La parola del giorno è senza dubbio vaccino. Non solo perché 9.750 dosi di Pfizer sono arrivate in Italia, con le prime somministrazioni in queste ore, ma perché oggi, 27 dicembre, la maggioranza dei Paesi dell’Ue ha dato il via alla controffensiva vaccinale anti-Covid, e già si parla di questa data come di storico vaccination day. Sarà così? Il tempo lo dirà. Al pari di tanti ovviamente me lo auguro, anche se prima di brindare aspetterei dato che, fino a che gli immunizzati non saranno il 70 per cento della popolazione, ogni sospiro di sollievo rischia di essere quanto meno prematuro; e intanto, come dire, «ce n’è di Coviddi».

Meglio allora tenere alta la guardia pur sapendo che, sì, da oggi la luce in fondo al tunnel è più vicina; non a portata di mano, ma più vicina. Lo preciso non per spegnere l’entusiasmo di alcuni né per alimentare lo scetticismo di altri, ma perché Covid-19 è già stato dichiarato «clinicamente morto» una volta, e non mi pare sia finita benissimo. Allo stesso modo, confesso che dalla stessa combriccola che a febbraio mi esortava ad abbracciare un cinese e che il 12 dicembre non ha saputo impedire che, con 1.049 morti per milione di abitanti, l’Italia conquistasse lo scettro europeo della mortalità, mi sarei aspettato toni più pacati degli odierni.

Per fortuna, vien da dire, che il vaccino l’han prodotto altri. Battute a parte, ora un rimedio (per la verità pure più d’uno) c’è e, quindi, che Dio ce la mandi buona. Anche perché la terza ondata – sempre che di terza ondata si possa parlare, e non di accentuazione della seconda – è un rischio concreto e la guerra pandemica, pur avendo ora noi una nuova arma, non si è affatto tramutata in influenza stagionale, né lo è mai stata: se nel 2019 i decessi furono 641.000, questo maledetto 2020 veleggia verso i 700.000. Dunque il dramma continua e ciascuno è chiamato a mantenere atteggiamenti responsabili dato che 9.750 proiettili non bastano certo a mutare, qui e ora, le sorti del conflitto.

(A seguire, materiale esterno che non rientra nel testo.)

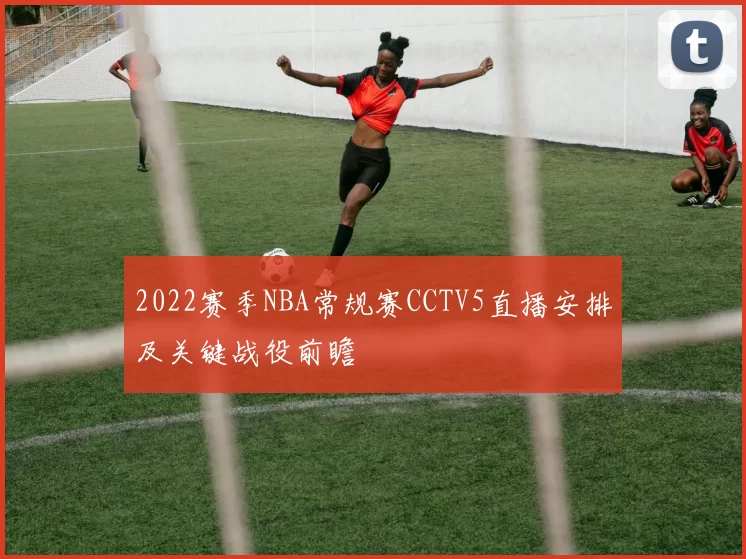 2022赛季NBA常规赛CCTV5直播安排及关键战役前瞻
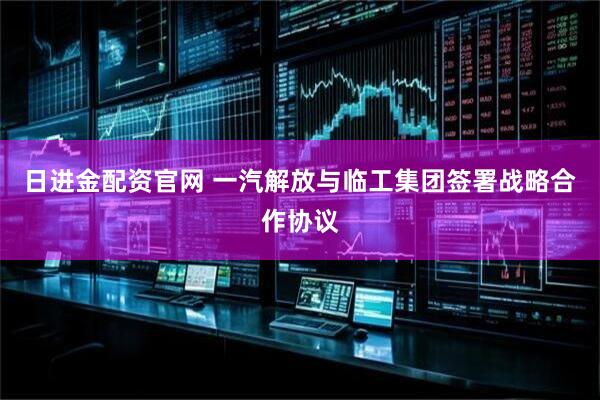 日进金配资官网 一汽解放与临工集团签署战略合作协议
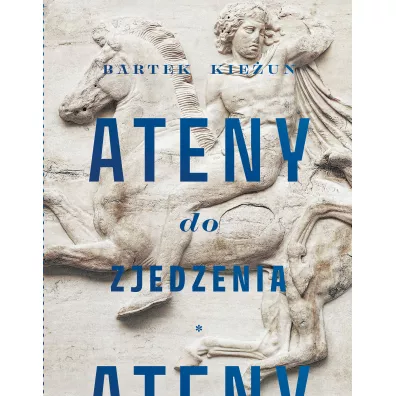 Ateny do zjedzenia - Bartek Kie�un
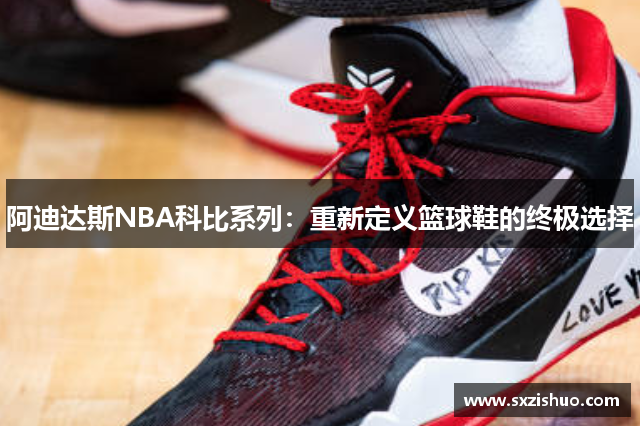 阿迪达斯NBA科比系列：重新定义篮球鞋的终极选择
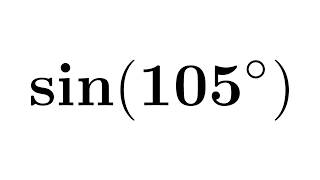 sin105  sin105  sine of 105 degree [upl. by Ahsikym]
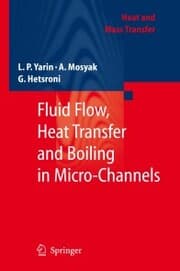 Cover von Fluid Flow, Heat Transfer and Boiling in Micro-Channels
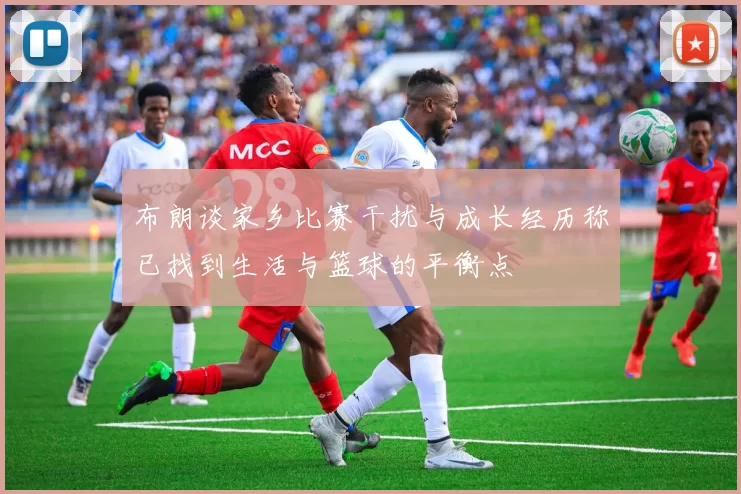 布朗谈家乡比赛干扰与成长经历称已找到生活与篮球的平衡点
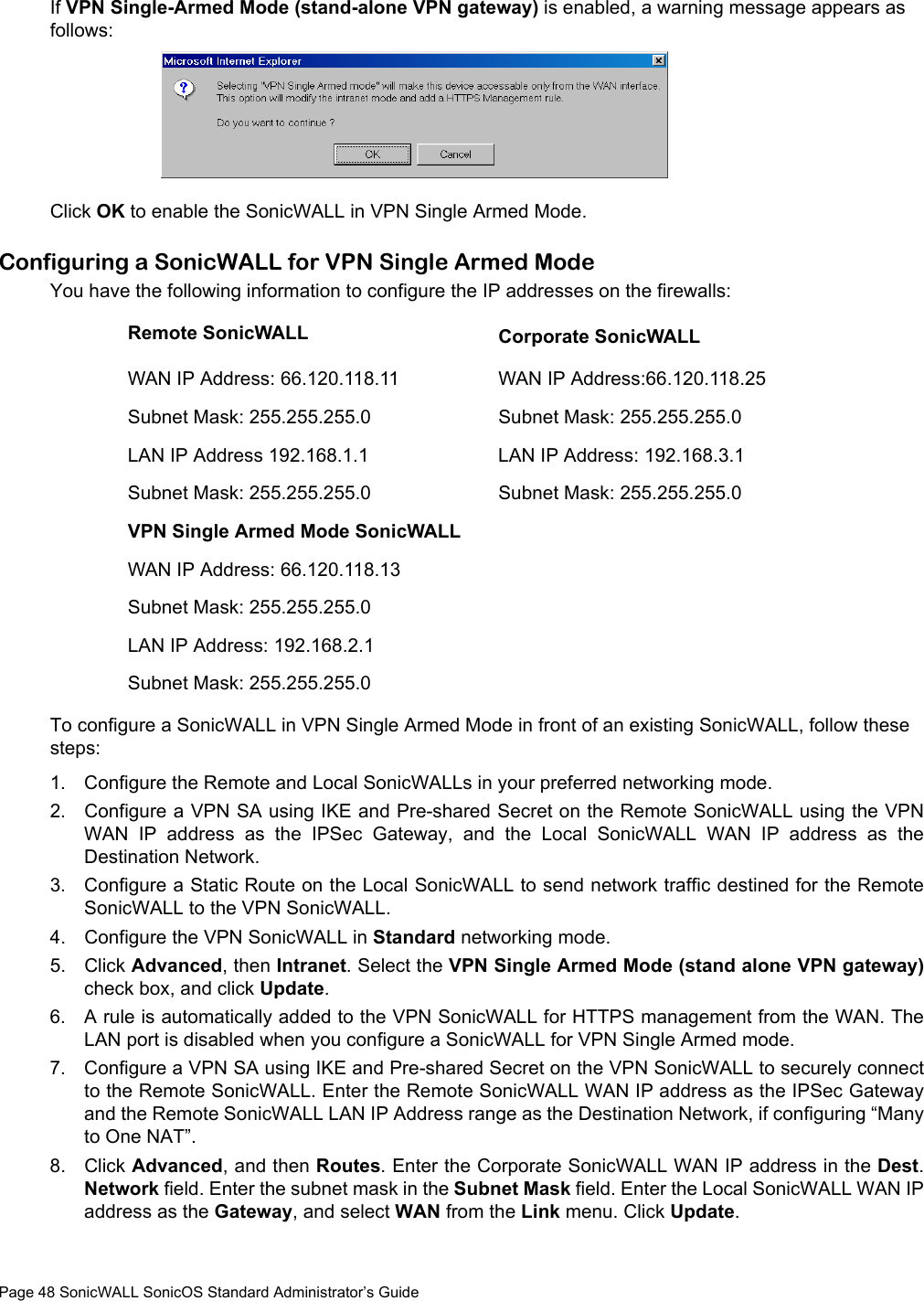 Page 48 SonicWALL SonicOS Standard Administrator’s GuideIf VPN Single-Armed Mode (stand-alone VPN gateway) is enabled, a warning message appears as follows: Click OK to enable the SonicWALL in VPN Single Armed Mode. Configuring a SonicWALL for VPN Single Armed ModeYou have the following information to configure the IP addresses on the firewalls:To configure a SonicWALL in VPN Single Armed Mode in front of an existing SonicWALL, follow these steps: 1. Configure the Remote and Local SonicWALLs in your preferred networking mode. 2. Configure a VPN SA using IKE and Pre-shared Secret on the Remote SonicWALL using the VPNWAN IP address as the IPSec Gateway, and the Local SonicWALL WAN IP address as theDestination Network. 3. Configure a Static Route on the Local SonicWALL to send network traffic destined for the RemoteSonicWALL to the VPN SonicWALL. 4. Configure the VPN SonicWALL in Standard networking mode. 5. Click Advanced, then Intranet. Select the VPN Single Armed Mode (stand alone VPN gateway)check box, and click Update.6. A rule is automatically added to the VPN SonicWALL for HTTPS management from the WAN. TheLAN port is disabled when you configure a SonicWALL for VPN Single Armed mode. 7. Configure a VPN SA using IKE and Pre-shared Secret on the VPN SonicWALL to securely connectto the Remote SonicWALL. Enter the Remote SonicWALL WAN IP address as the IPSec Gatewayand the Remote SonicWALL LAN IP Address range as the Destination Network, if configuring “Manyto One NAT”. 8. Click Advanced, and then Routes. Enter the Corporate SonicWALL WAN IP address in the Dest.Network field. Enter the subnet mask in the Subnet Mask field. Enter the Local SonicWALL WAN IPaddress as the Gateway, and select WAN from the Link menu. Click Update. Remote SonicWALL Corporate SonicWALLWAN IP Address: 66.120.118.11 WAN IP Address:66.120.118.25Subnet Mask: 255.255.255.0 Subnet Mask: 255.255.255.0LAN IP Address 192.168.1.1 LAN IP Address: 192.168.3.1Subnet Mask: 255.255.255.0 Subnet Mask: 255.255.255.0VPN Single Armed Mode SonicWALLWAN IP Address: 66.120.118.13Subnet Mask: 255.255.255.0LAN IP Address: 192.168.2.1Subnet Mask: 255.255.255.0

Occorrono ancora pazienza, fiducia nella ricerca e nei nostri medici e, aggiungo, fede. Ma in quest’ultimo caso non nel vaccino, bensì in quel Gesù Bambino di cui abbiamo da pochissimo festeggiato la nascita. Solo quel Piccolo, infatti, sa condurre l’uomo alla pace vera, colmando il suo desiderio d’Infinito e di Senso; e a lui e lui soltanto dobbiamo il vaccination day decisivo – che era e resta il 25 dicembre – contro il peccato e la morte, mali contro cui non c’è ricetta sanitaria e che, se non affrontati, ci lasciano in bilico tra il distacco e la disperazione, viventi apparenti. Meno male che a Betlemme, 2.000 anni fa, la Salvezza è arrivata sul serio e resta a nostra disposizione: gratis, senza obbligo e con dosi infinite. Ha già pagato tutto la Casa celeste.